Saved data entries:
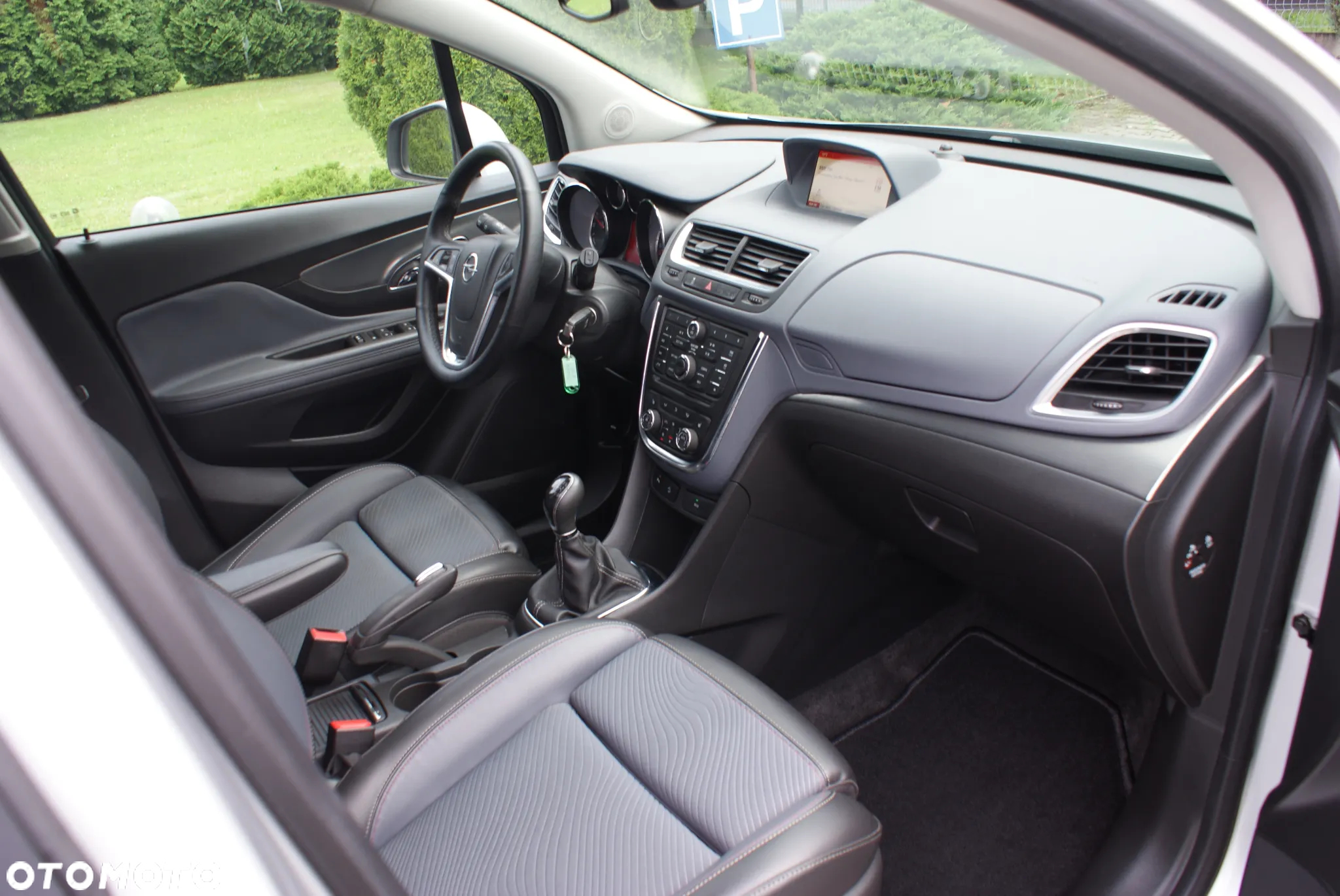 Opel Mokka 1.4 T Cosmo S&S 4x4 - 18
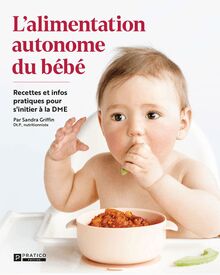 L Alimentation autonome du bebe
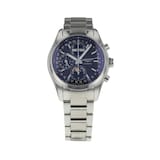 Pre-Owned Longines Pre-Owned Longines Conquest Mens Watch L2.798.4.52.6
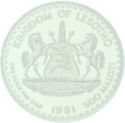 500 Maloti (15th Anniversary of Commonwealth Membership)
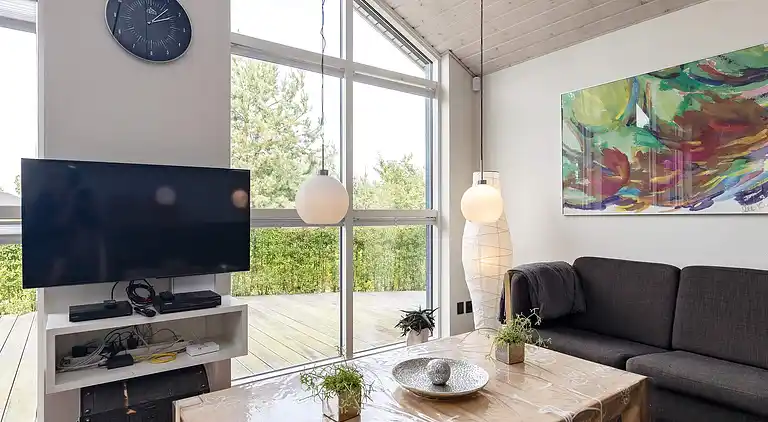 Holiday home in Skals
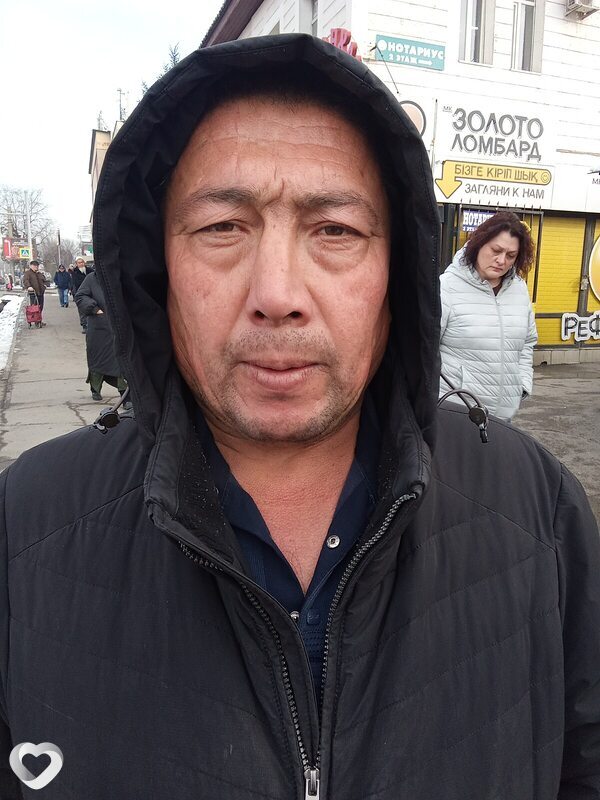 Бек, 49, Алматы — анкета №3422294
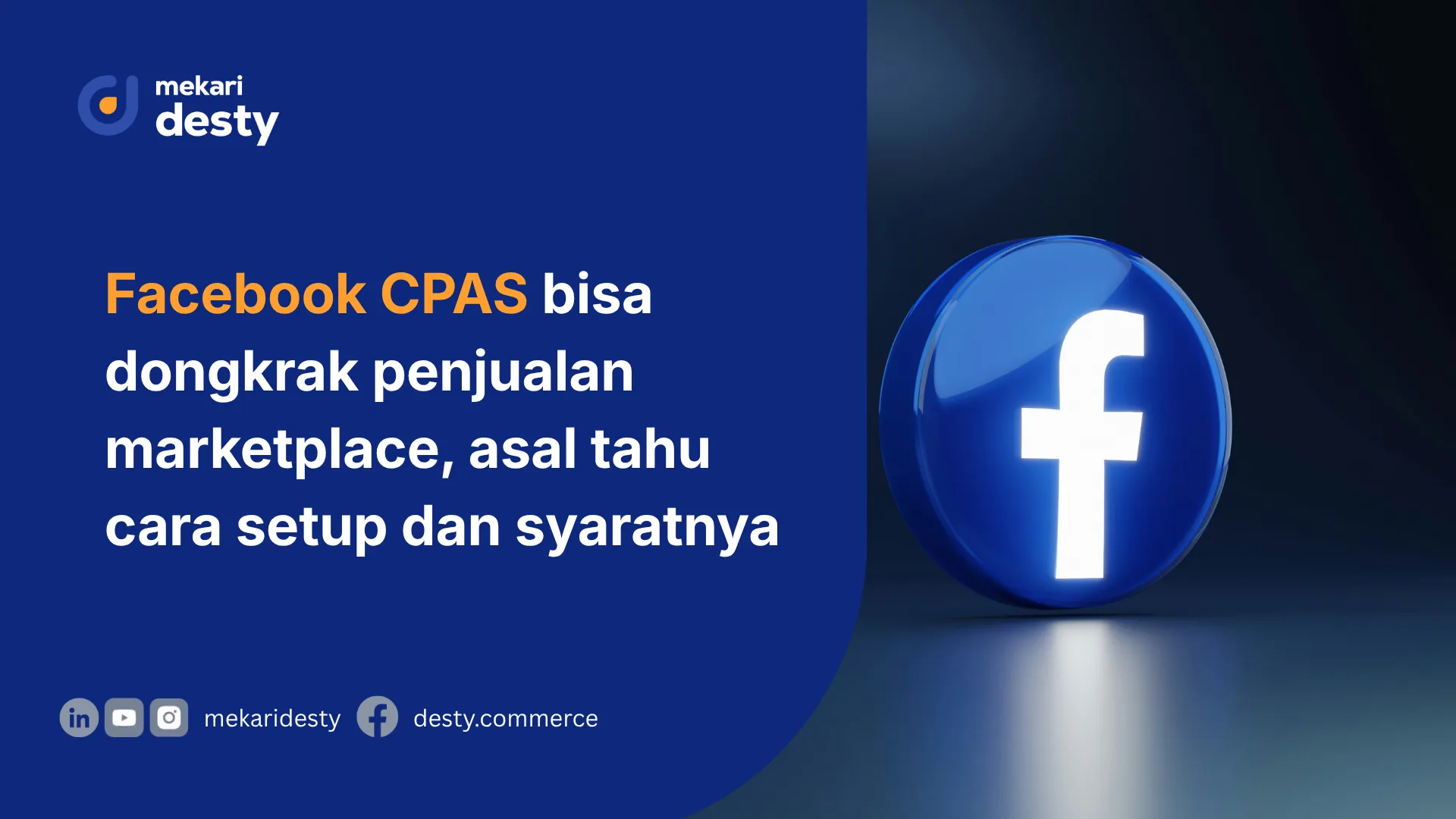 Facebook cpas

*WHAT THE EXERCISE ASKS*. Beginning with the line where "Pre-Owned Longines Pre-Owned" appears, restate word for word every line down to the last one in the data, but keep the pictures out.

*FINAL ANSWER*.
 Pre-Owned Longines Pre-Owned Longines Conquest Mens Watch L2.798.4.52.6
 500 Maloti (15th Anniversary of Commonwealth Membership)
 Holiday home in Skals
 Бек, 49, Алматы — анкета №3422294
 Facebook cpas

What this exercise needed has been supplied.